Exercise goal: Your answer should repeat exactly the lines from the one holding "El ojo del Dios" through the end of the data, and it should contain no pictures.

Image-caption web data
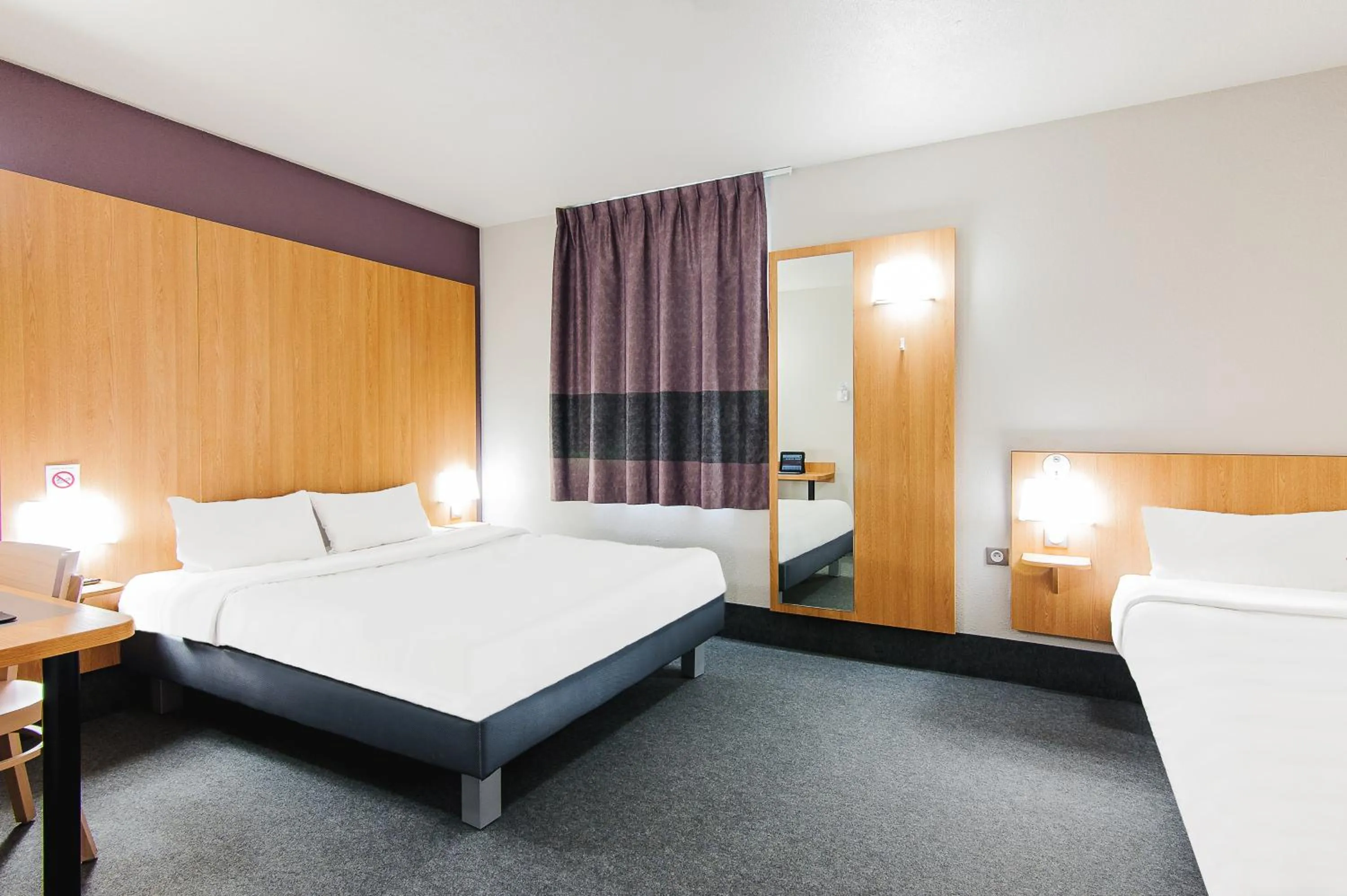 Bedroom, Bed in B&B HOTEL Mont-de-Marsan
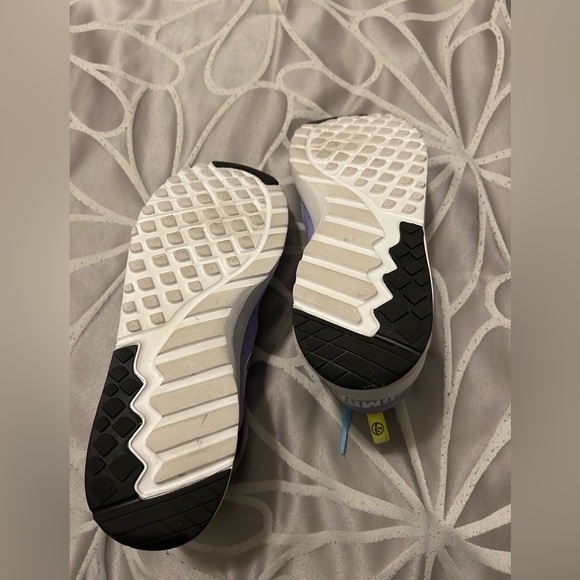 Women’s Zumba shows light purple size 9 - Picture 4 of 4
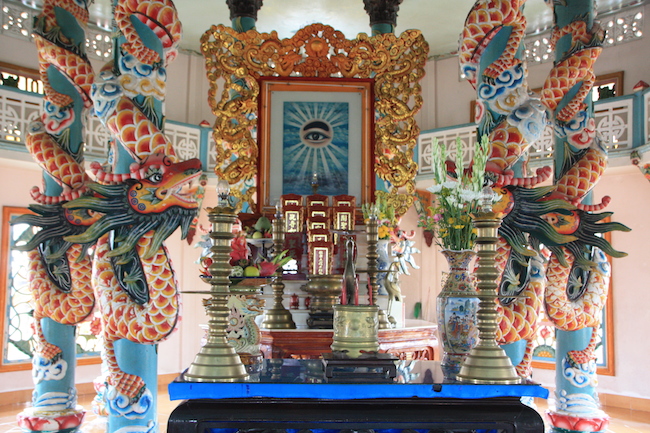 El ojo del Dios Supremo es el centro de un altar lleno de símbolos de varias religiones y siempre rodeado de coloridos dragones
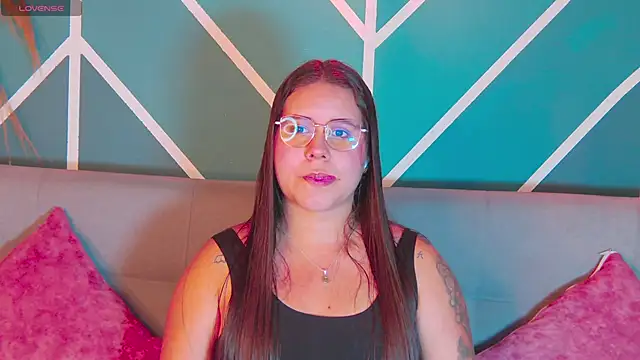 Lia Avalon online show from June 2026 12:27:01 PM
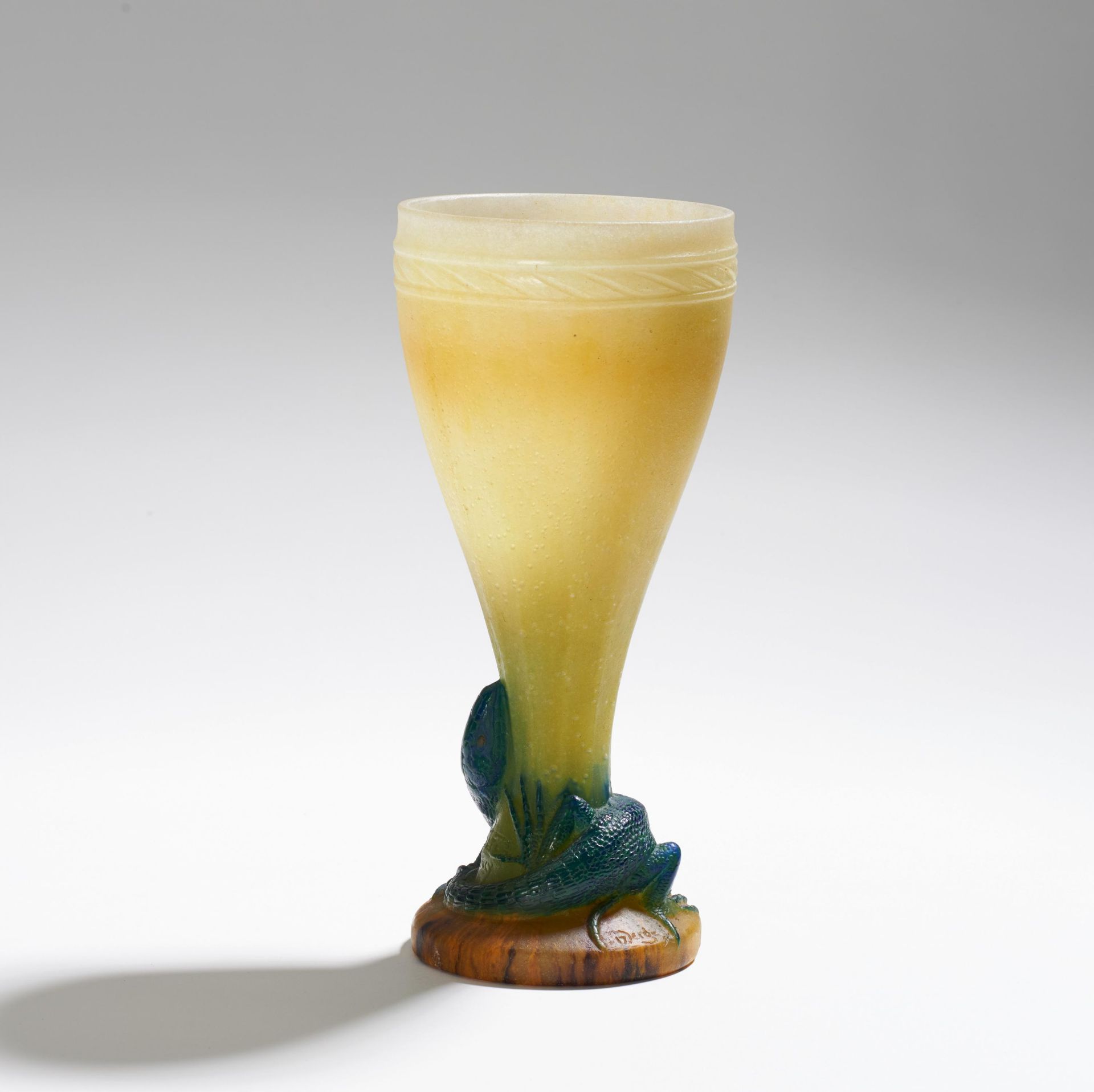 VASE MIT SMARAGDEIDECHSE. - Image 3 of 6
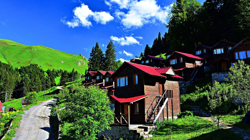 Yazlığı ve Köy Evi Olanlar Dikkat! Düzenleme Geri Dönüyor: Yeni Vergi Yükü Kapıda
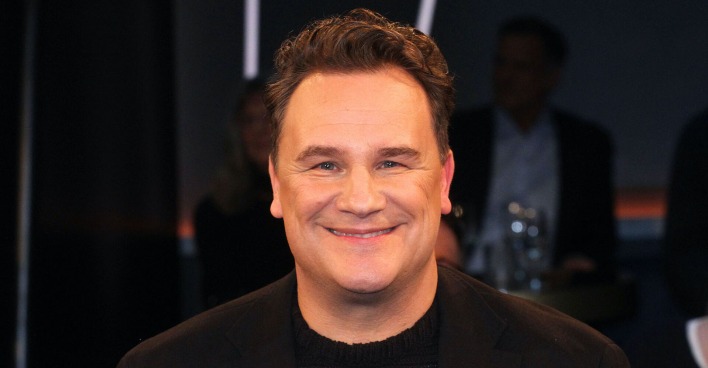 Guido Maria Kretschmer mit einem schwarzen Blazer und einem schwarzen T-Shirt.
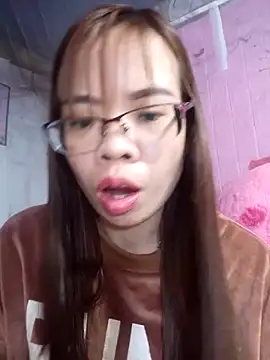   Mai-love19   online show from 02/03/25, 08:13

Result of the task:
 El ojo del Dios Supremo es el centro de un altar lleno de símbolos de varias religiones y siempre rodeado de coloridos dragones
 Lia Avalon online show from June 2026 12:27:01 PM
 VASE MIT SMARAGDEIDECHSE. - Image 3 of 6
 Yazlığı ve Köy Evi Olanlar Dikkat! Düzenleme Geri Dönüyor: Yeni Vergi Yükü Kapıda
 Guido Maria Kretschmer mit einem schwarzen Blazer und einem schwarzen T-Shirt.
   Mai-love19   online show from 02/03/25, 08:13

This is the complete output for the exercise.